• **Task brief**: The data below should be copied out exactly, with its pictures omitted.

• **Information shown**:
──────────────────────────────
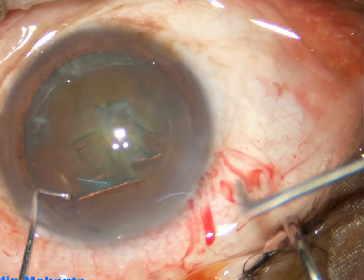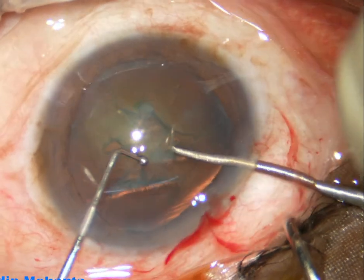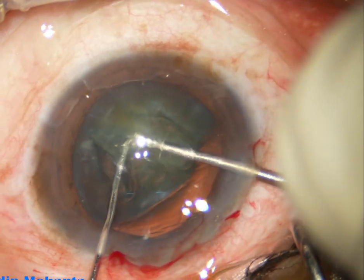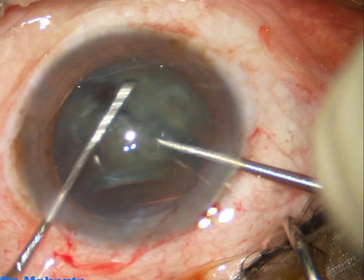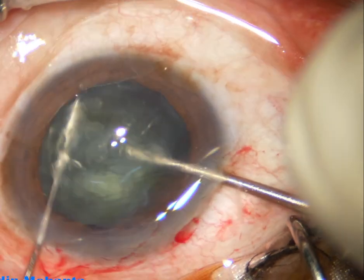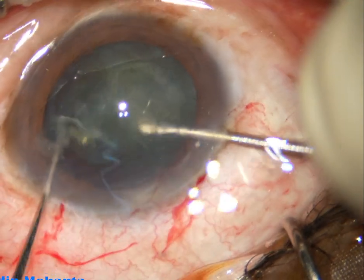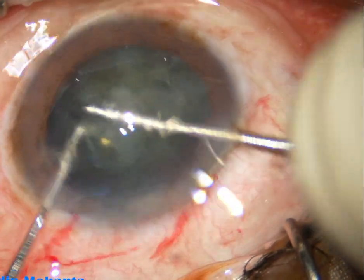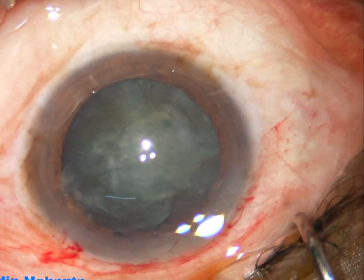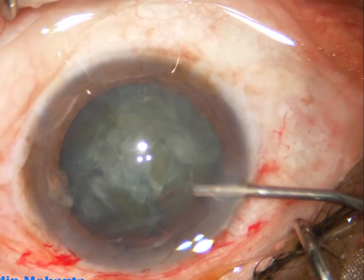Viscoelastic is again used to fill out the anterior chamber. Now this is a pre-chopper designed by me. The front edge is sharp, the back edge is blunt, and this is a ball-tipped sustainer. The nucleus has been divided into four pieces in just a few seconds.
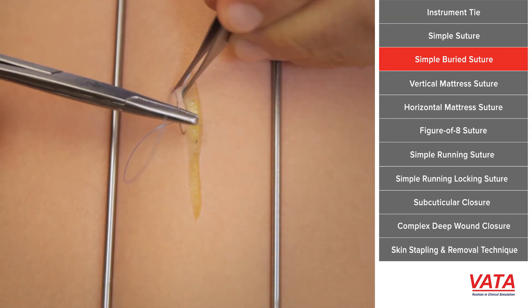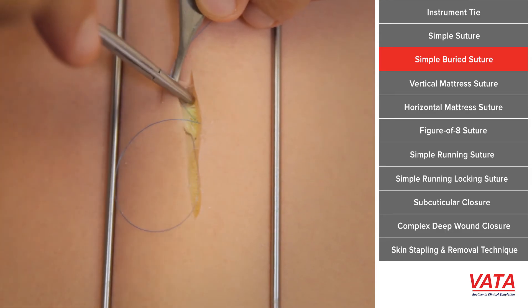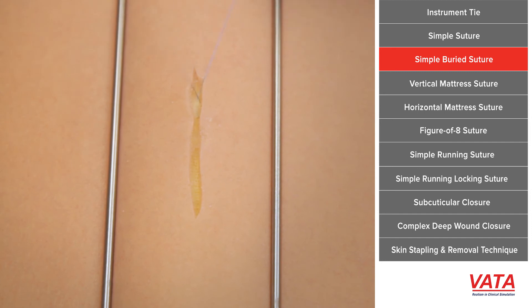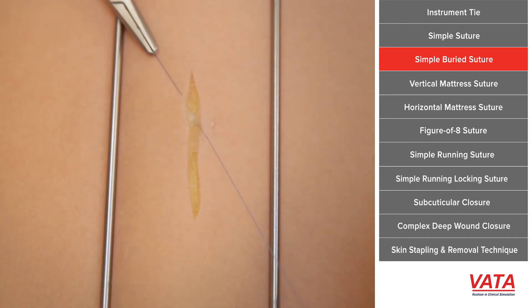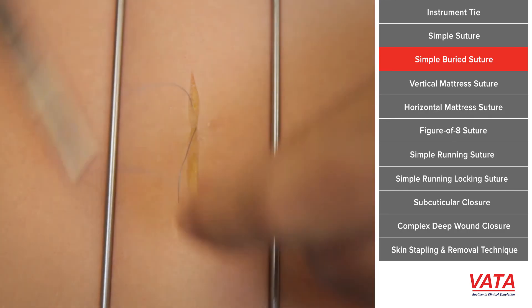So you need to get deep, grab some of that deep dermis — which in this case is that little piece of mesh — and make sure you're entering the same place where you exited on the other side. Just as superficial as you are on one side, you must be superficial on the other side, or else your skin edges will be uneven.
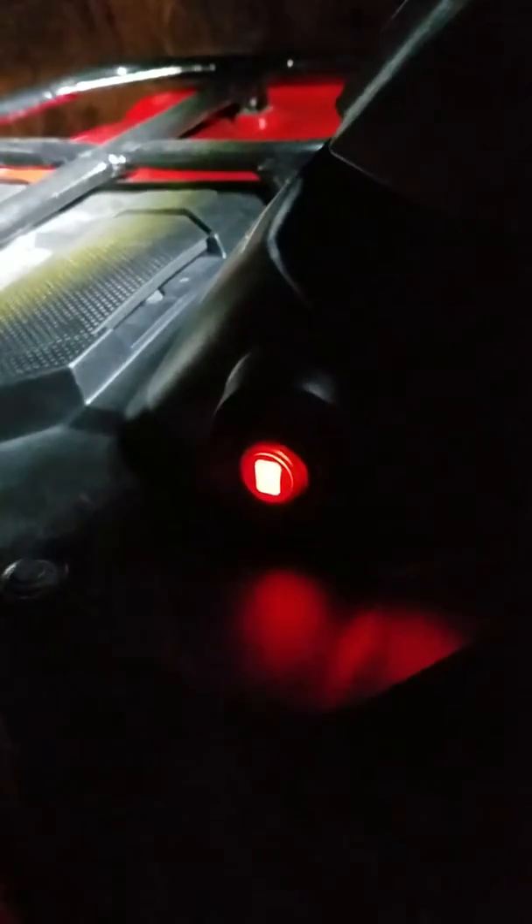I installed the switch right here on the side. And back here, I just bolted it right to the top of this. I put a big washer on the back, so hopefully it won't break off.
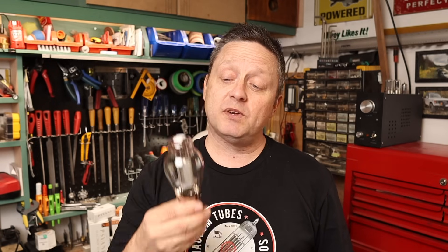The 2A3 is a directly heated triode designed in the 1930s. It's prized for its linearity and low distortion — it has that classic single-ended magic, you just have to listen to it to truly understand. At only three or four watts a channel, you'd be surprised how good it sounds even driving some low-efficiency speakers. Commercially available 2A3 amplifiers cost several thousands of dollars, but I think we can make a good-sounding one for a fraction of the cost.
──────────────────────────────
• **Task answer**:
Viscoelastic is again used to fill out the anterior chamber. Now this is a pre-chopper designed by me. The front edge is sharp, the back edge is blunt, and this is a ball-tipped sustainer. The nucleus has been divided into four pieces in just a few seconds.
So you need to get deep, grab some of that deep dermis — which in this case is that little piece of mesh — and make sure you're entering the same place where you exited on the other side. Just as superficial as you are on one side, you must be superficial on the other side, or else your skin edges will be uneven.
I installed the switch right here on the side. And back here, I just bolted it right to the top of this. I put a big washer on the back, so hopefully it won't break off.
The 2A3 is a directly heated triode designed in the 1930s. It's prized for its linearity and low distortion — it has that classic single-ended magic, you just have to listen to it to truly understand. At only three or four watts a channel, you'd be surprised how good it sounds even driving some low-efficiency speakers. Commercially available 2A3 amplifiers cost several thousands of dollars, but I think we can make a good-sounding one for a fraction of the cost.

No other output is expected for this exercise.